Fest steht: Erste Geschäftspartner wie About You haben bereits Konsequenzen gezogen und auch der Deutsche Nachhaltigkeitspreis wurde Kliemann am Freitag entzogen.
Schon damals im Interview interessiert t-online noch eine andere Frage hinter dem gerne als "Alleskönner" beworbenen Mann aus Zeven in Niedersachsen. Wie viel Geld verdient er eigentlich mit seinen zahlreichen Tätigkeiten? Schließlich ist er nicht nur Musiker, YouTuber, Influencer und "Heimwerkerkönig". Fynn Kliemann betreibt eine ganze Reihe an Unternehmen oder ist an ihnen beteiligt. Die Bandbreite reicht dabei von Film- und Musikproduktion über Programmierung bis hin zu Handel und Immobilien. Der 34-Jährige hat in das Hanf-Start-up Sanity Group investiert, betreibt mit Oliver Schulz zusammen ein kommerziell genutztes Hausboot in Hamburg und vertreibt eigene Klamotten über seinen Onlineshop "oderso.cool".
"Ich bin finanziell schon immer ein Pessimist"
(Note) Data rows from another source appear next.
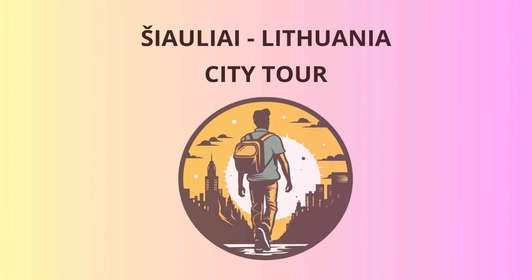Our first stop is the heart of Šiauliai, the iconic Vilnius Street. Stroll along this lively pedestrian street, lined with quaint cafes, shops, and colorful buildings. It's the perfect spot to experience the vibrant local atmosphere and snap some Instagram-worthy photos.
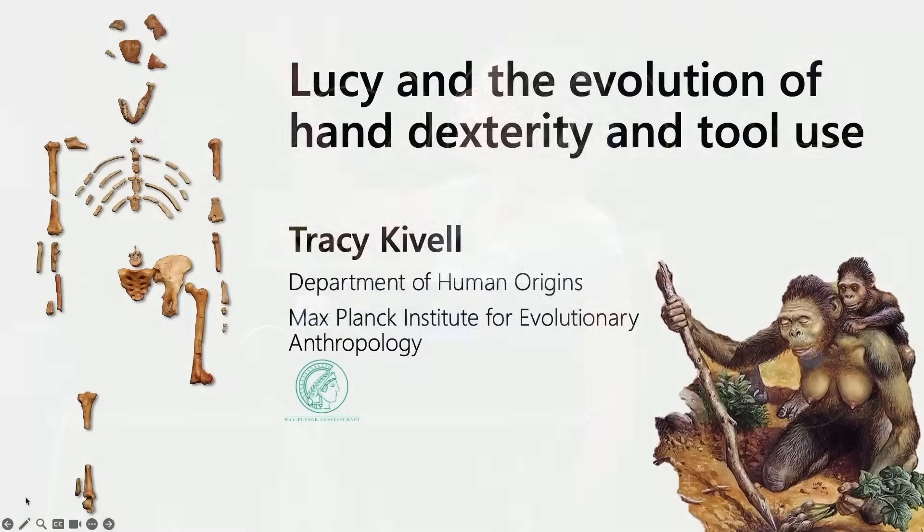We've seen this image many times already today and we'll see it many more times. I'm going to focus just on those two tiny little bones and what those bones of Lucy and those of other afarensis individuals can tell us about the evolution of hand dexterity and tool use.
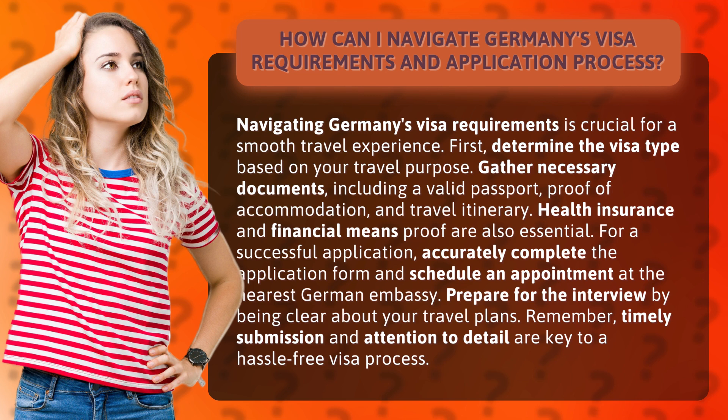Prepare for the interview by being clear about your travel plans. Remember, timely submission and attention to detail are key to a hassle-free visa process.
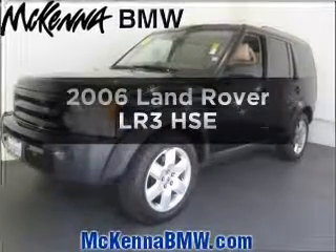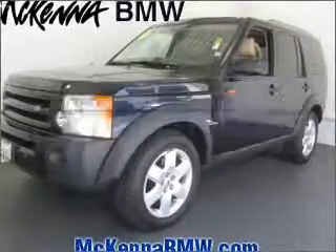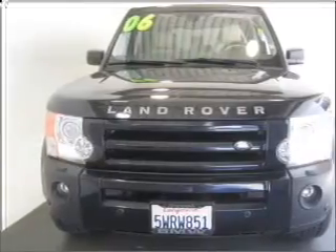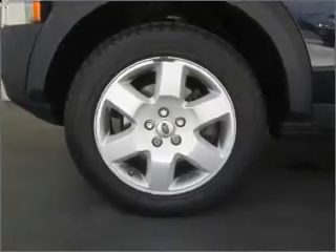Check out this 2006 Land Rover LR3. If you're looking for an automobile with great attributes, look no further. With a powerful 8-cylinder engine connected to a smooth-shifting 6-speed automatic transmission.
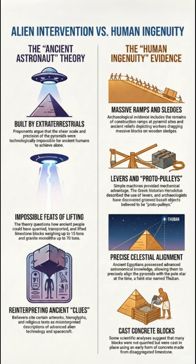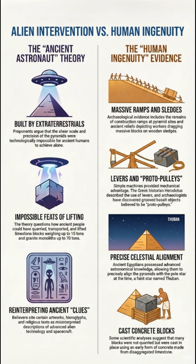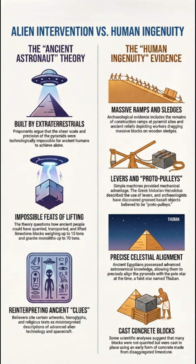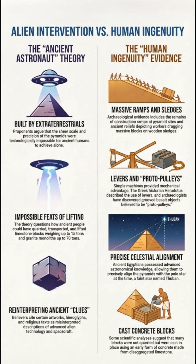This is the Brief on Construction Theories for the Great Pyramids. We're diving into the ongoing debate over how exactly the ancient Egyptians engineered these monumental structures, contrasting traditional findings with some of the most fascinating and controversial alternative theories.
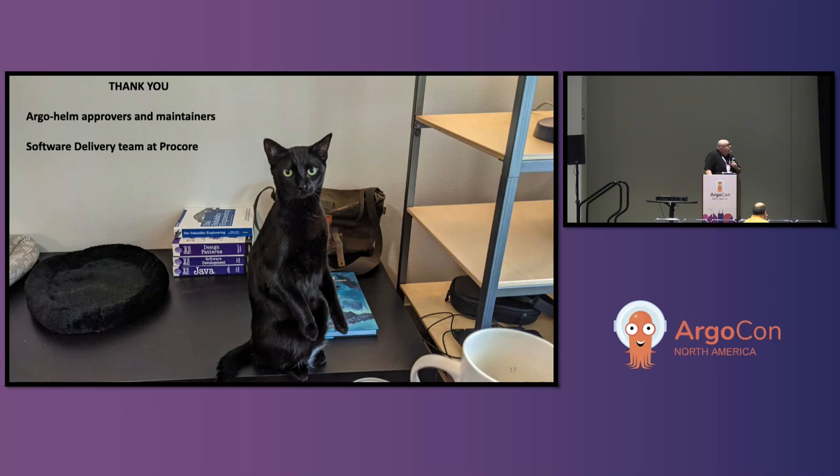I wanted to thank the Argo-Helm approvers and maintainers, and the software delivery folks at Procore for helping. A special call-out to Tim Collins — he motivated me to do this talk.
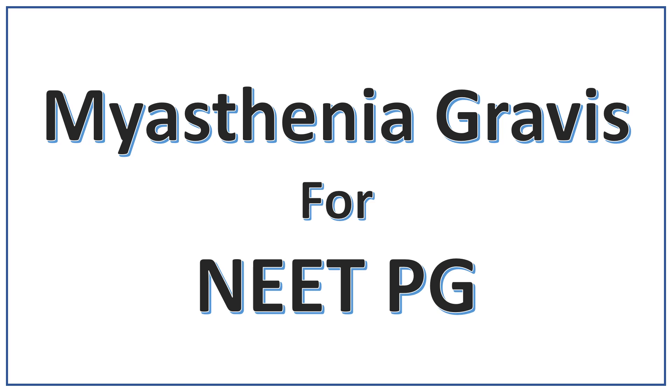Hello friends. Welcome to Crazy Medicine YouTube channel. In this video we are going to discuss about myasthenia gravis and their important points for NEET-PG and upcoming exams. Do watch the full video for complete understanding.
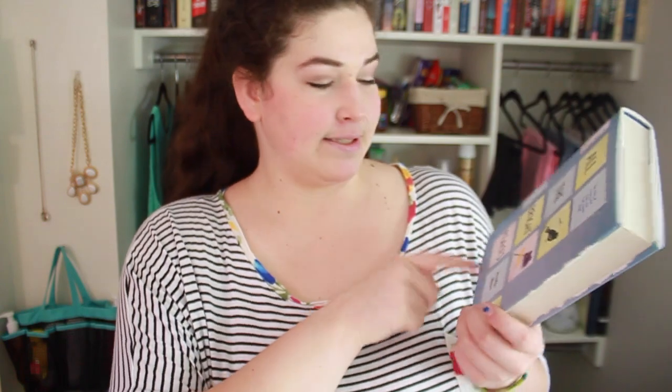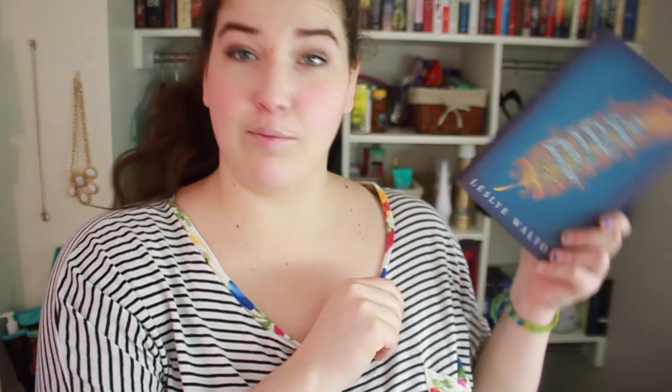The Wrath and the Dawn by Renee Adie. All the Bright Places by Jennifer Niven. The Graveyard Book by Neil Gaiman. To All the Boys I've Loved Before by Jenny Han. Fire and Flood by Victoria Scott. The Strange and Beautiful Sorrows of David Lavender by Leslie Moulton.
Ob er sich finanziell Sorgen machen müsse, beantwortet er damals so: "Wenn ich jetzt nur noch Websites bauen würde, dann wäre es schon gefährlich. Aber ich bin finanziell schon immer ein Pessimist und war sehr sparsam. Da habe ich so viel zur Seite gepackt, dass ich ein halbes Jahr ohne Einnahmen leben kann", gibt er Einblicke in seine Rücklagenbildung und versichert: "Wir werden das auf jeden Fall überleben!"
Er schaue ohnehin nicht so auf die Rendite, so Kliemann und um "Reichtum" gehe es ihm schon gar nicht, sagt er schließlich auch dem Nachrichtenportal "ntv". Ihm seien "andere Werte" wichtig. Auch Böhmermann zitiert in seinem Beitrag einen ähnlichen Ausspruch des Tausendsassas. Er sei eigentlich "immer pleite", erzählt Kliemann da in einem Gespräch mit Pierre M. Krause. Doch daran bestehen erhebliche Zweifel. Wer ein ganzes "Kliemannsland" im niedersächsischen Rüspel mit drei Hektar Größe bewirtschaften muss und behauptet, auch bei ausbleibenden Einnahmen sechs Monate autark auskommen zu können, muss offenbar über ein ausreichend großes Vermögen verfügen.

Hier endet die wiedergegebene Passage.